> REQUIRED WORK:
Below are records with pictures in them. Transcribe everything from the line containing "Art Hotel Nirvana 地拉那 餐厅 照片" down to the line containing "Шармазанов: В Армении", exactly, and leave the pictures behind.

> RECORDS SHOWN:

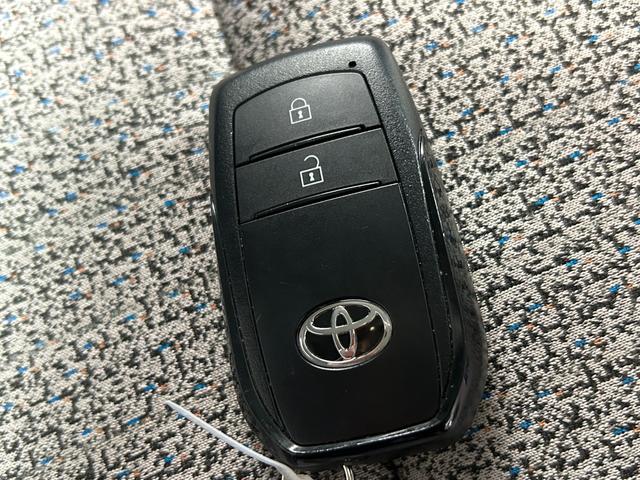 ヤリスクロス ハイブリッドZ 純正ナビ 衝突軽減 全方位カメラ バックカメラ シートヒーター パワーシート レーダークルコン コーナーセンサー レーンアシスト LEDヘッドライト スマートキー 純正AW 前後純正ドラレコ(59枚目)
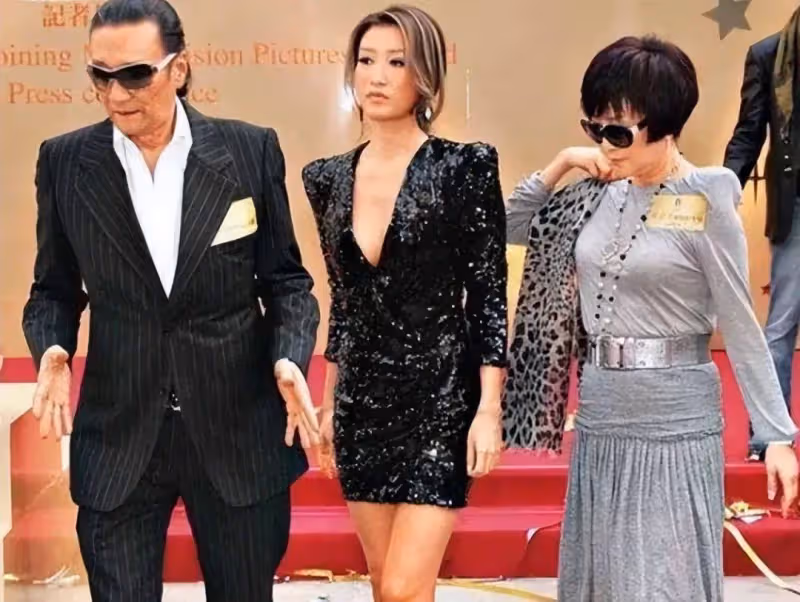曾一年換7次男友未婚生女,如今41歲的謝霆鋒胞妹,為何仍無人敢娶?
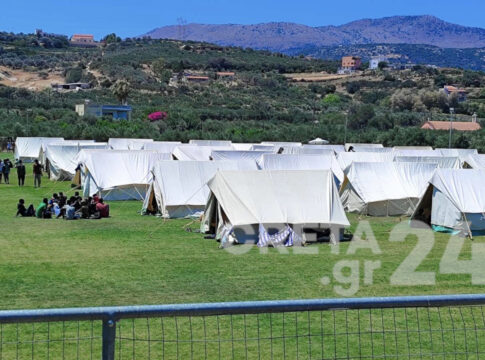 Καθαρισμός και απολύμανση στο γήπεδο του Τσεσμέ μετά την απομάκρυνση των μεταναστών – Παραδίδεται σε χρήση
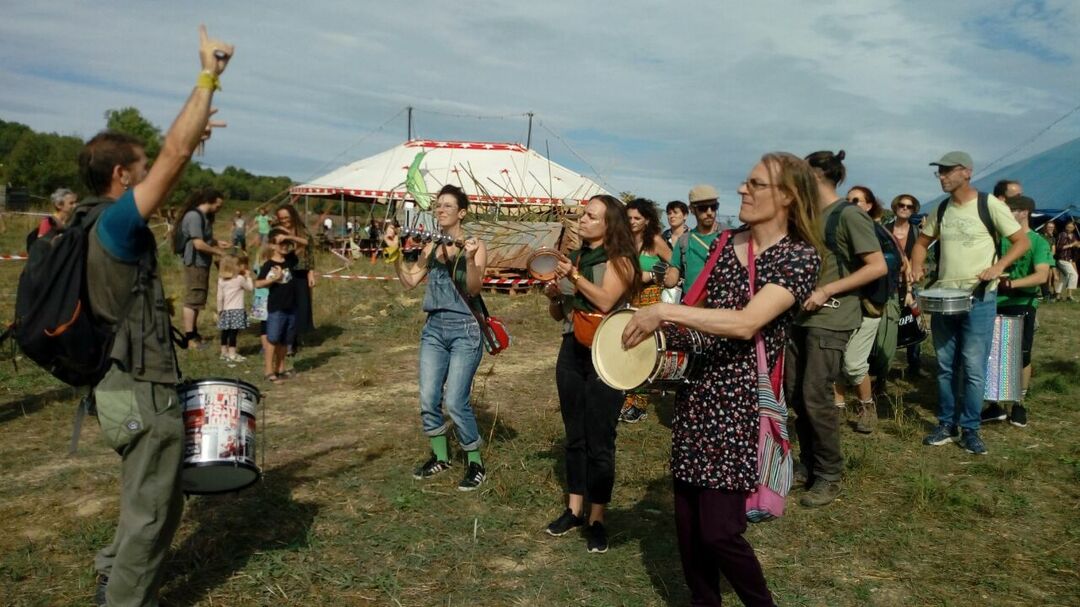 Photo couleur d'un rassemblement contre le contournement routier de Montpellier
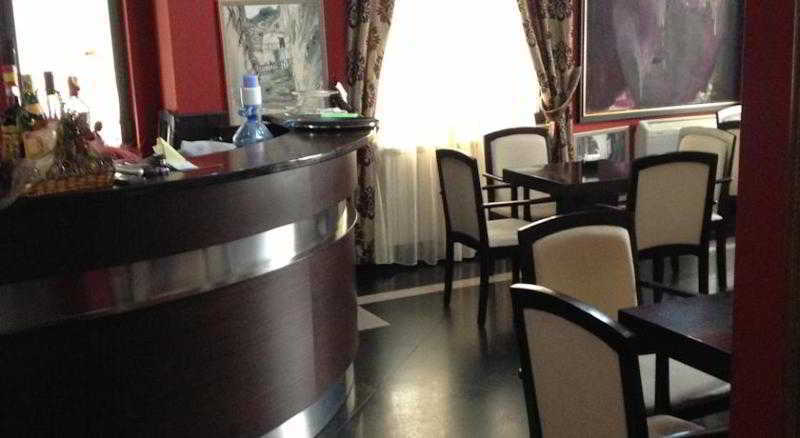 Art Hotel Nirvana 地拉那 餐厅 照片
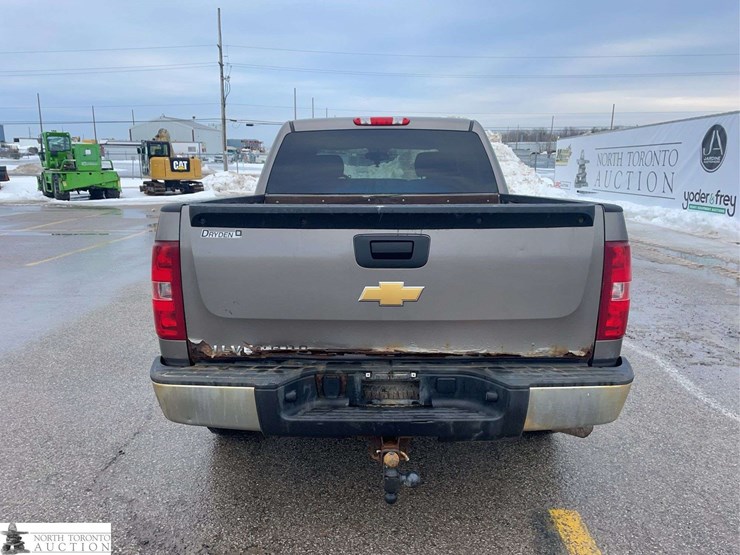 2013-chevrolet-silverado-1500-image-4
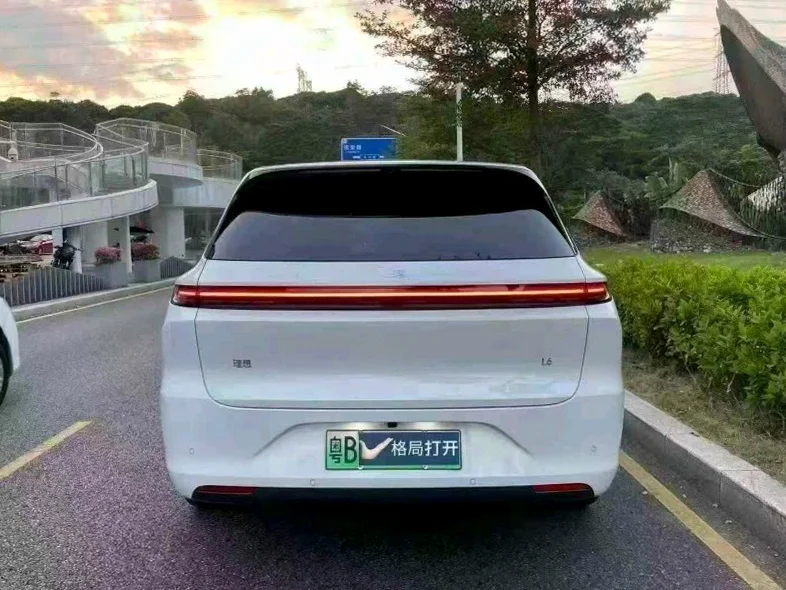 理想L6 后面外观三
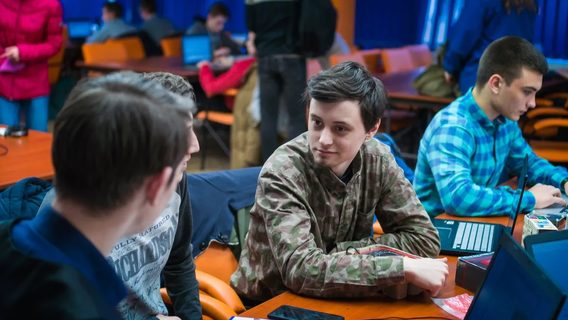 Фізик з України, колишній випускник КПІ, допомагає виробляти дрони для російської армії. А колись хвалився українськими нагородами та хотів працювати в Чорнобилі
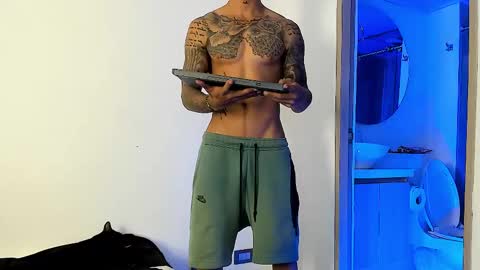 Snapshot of jakee_brown chatting on February 10, 7:47 am Santiago online show from February 10, 7:47 am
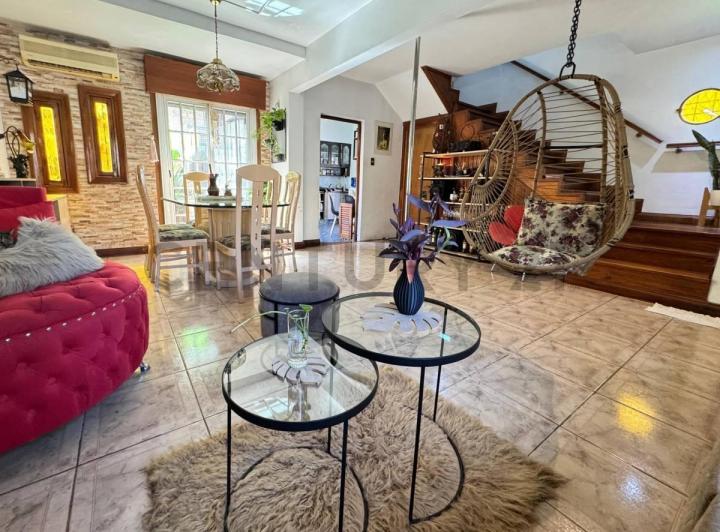 Casa · 129m² · 4 Ambientes · 1 Cochera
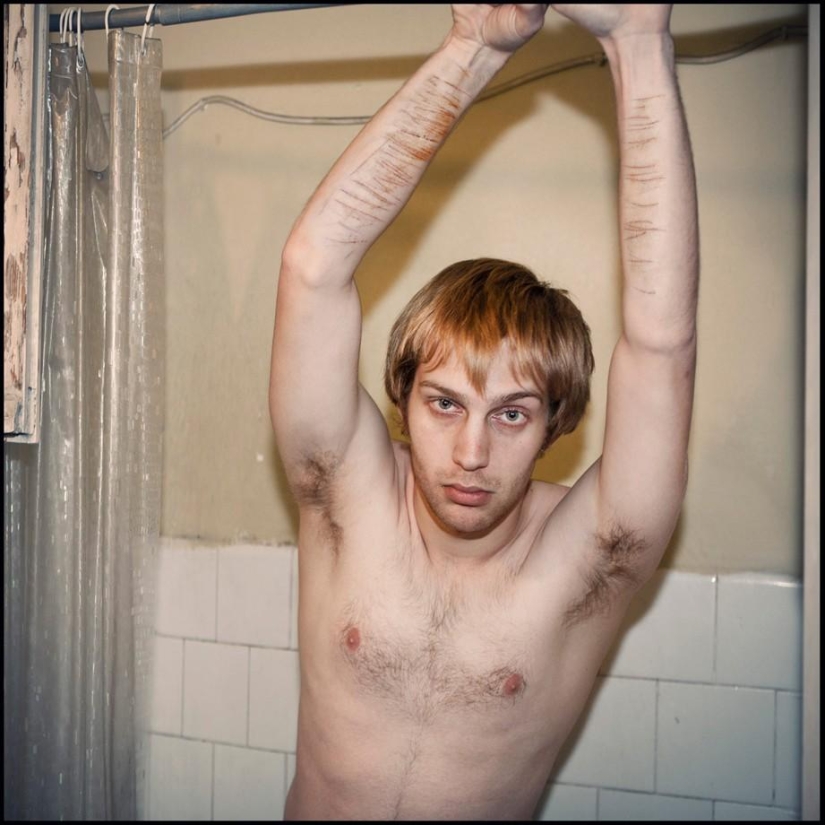 Al borde de la sociedad israelí Al borde de la sociedad israelí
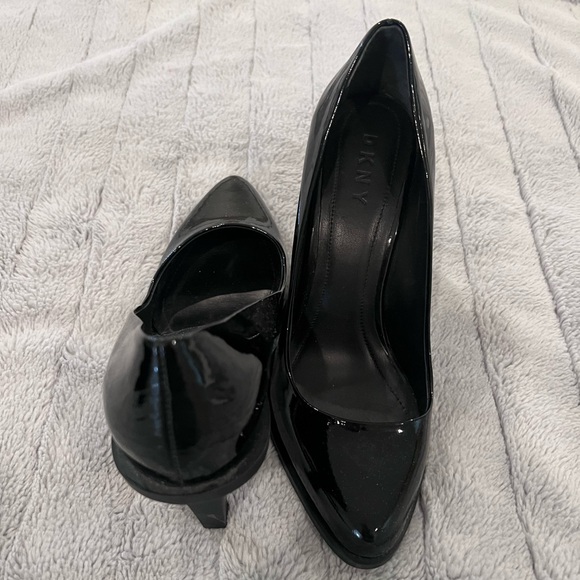 DKNY high heel black patent leather shoes, excellent condition only worn once - Picture 2 of 5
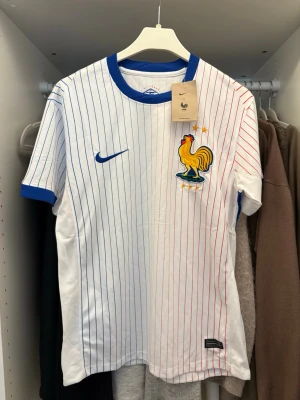 Frankrike fotbollströja Nike blå/vit/röd - Fotbollströja Frankrike. Oanvänd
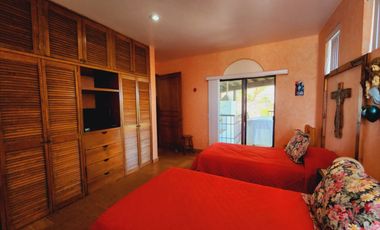 Renta de Hermosa Casa Sofía con Alberca Calefacción, Jardín Vistas Panorámicas.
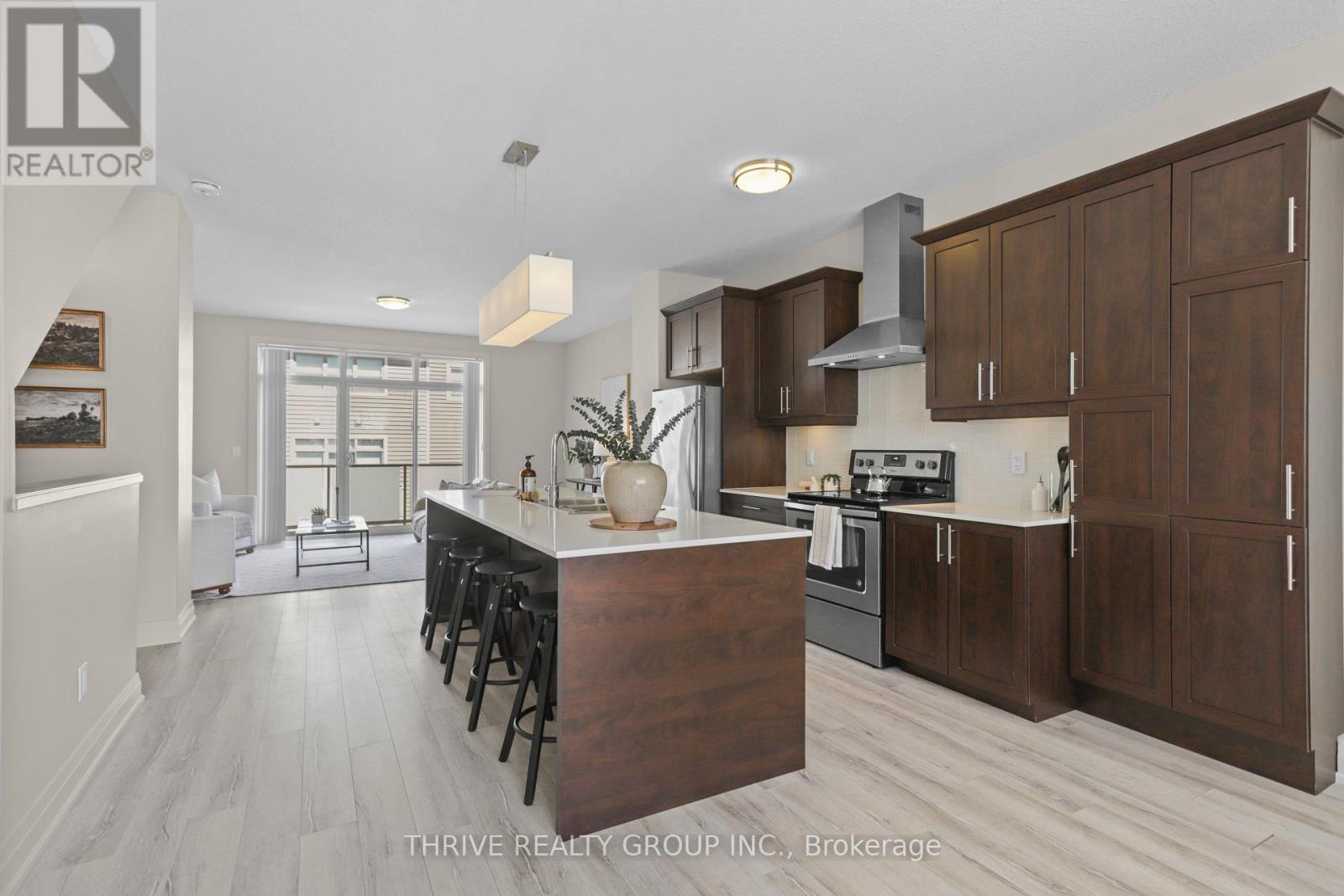 3025 Singleton Unit 76 photo 4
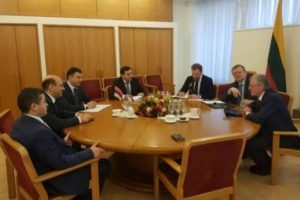 Шармазанов: В Армении и Арцахе строят демократию, между тем в Азербайджане процветает авторитаризм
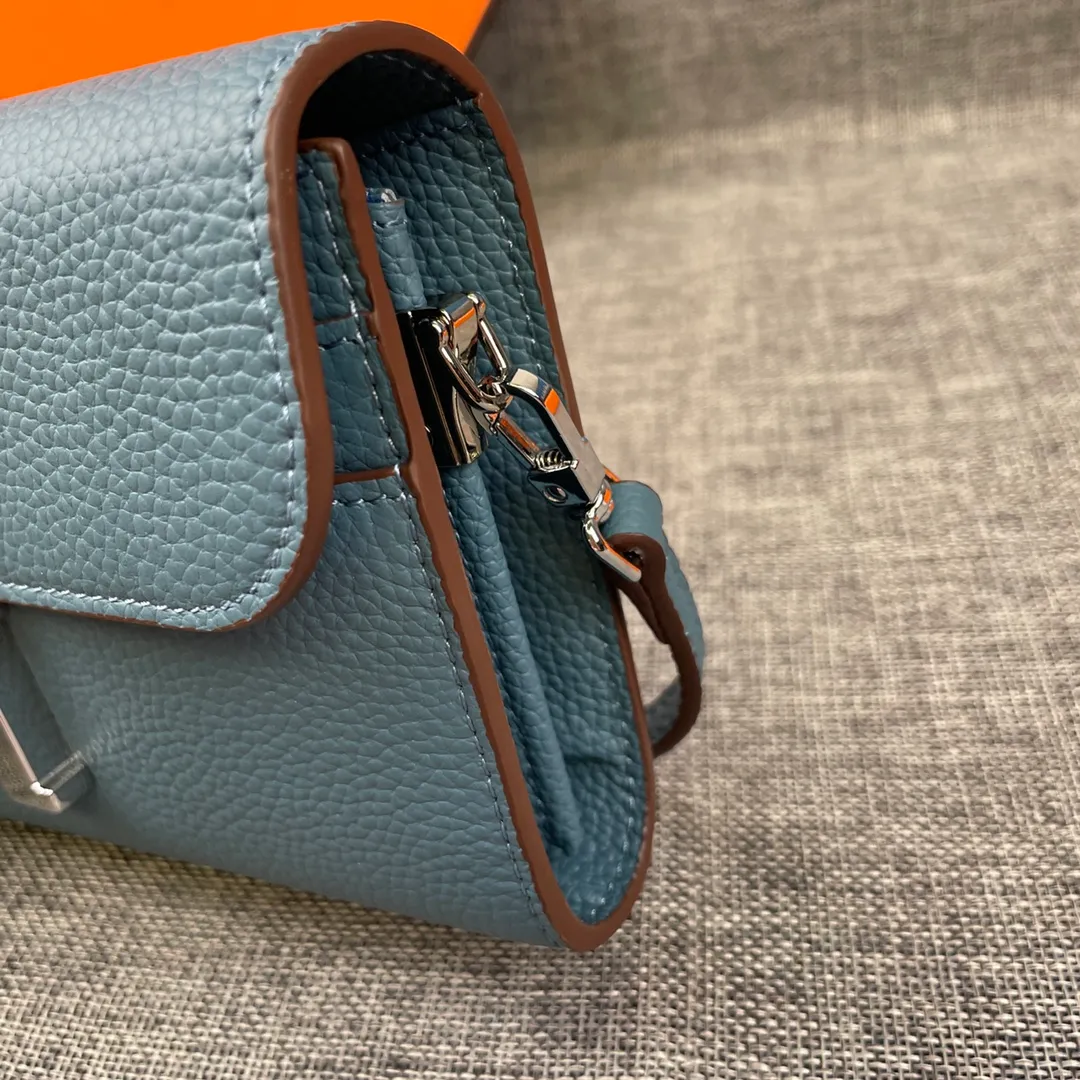 Hermes Constance p330💰 Hermes model: 9852 silver band togo leather size: 22*11cm 🇫🇷Overseas🇫🇷Imported Togo cowhide with original OEM code inside, soft and comfortable to the touch. The original replica is matched with silver hardware, exquisite and elegant, and the oil edge is straight and smooth🎈There are two large note slots, a zipper pocket, and 12 card slots🚚The shoulder strap is adjustable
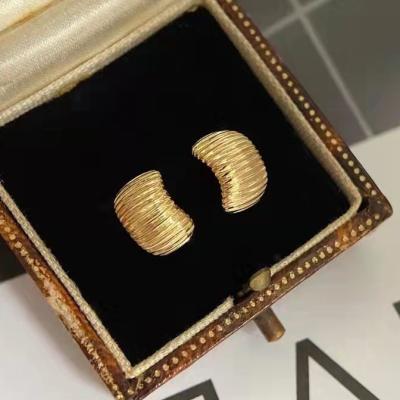 China Fashion Real 18K Gold Earrings Jewelry CLASSIC Luxury Pure Ladies Female Bridal Engagement Wedding Earrings for sale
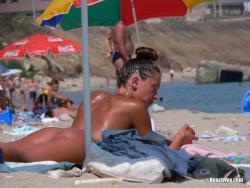 Nude girls on the beach - 316 8/43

> RESULT FOR THIS TASK:
 Art Hotel Nirvana 地拉那 餐厅 照片
 2013-chevrolet-silverado-1500-image-4
 理想L6 后面外观三
 Фізик з України, колишній випускник КПІ, допомагає виробляти дрони для російської армії. А колись хвалився українськими нагородами та хотів працювати в Чорнобилі
 Snapshot of jakee_brown chatting on February 10, 7:47 am Santiago online show from February 10, 7:47 am
 Casa · 129m² · 4 Ambientes · 1 Cochera
 Al borde de la sociedad israelí Al borde de la sociedad israelí
 DKNY high heel black patent leather shoes, excellent condition only worn once - Picture 2 of 5
 Frankrike fotbollströja Nike blå/vit/röd - Fotbollströja Frankrike. Oanvänd
 Renta de Hermosa Casa Sofía con Alberca Calefacción, Jardín Vistas Panorámicas.
 3025 Singleton Unit 76 photo 4
 Шармазанов: В Армении и Арцахе строят демократию, между тем в Азербайджане процветает авторитаризм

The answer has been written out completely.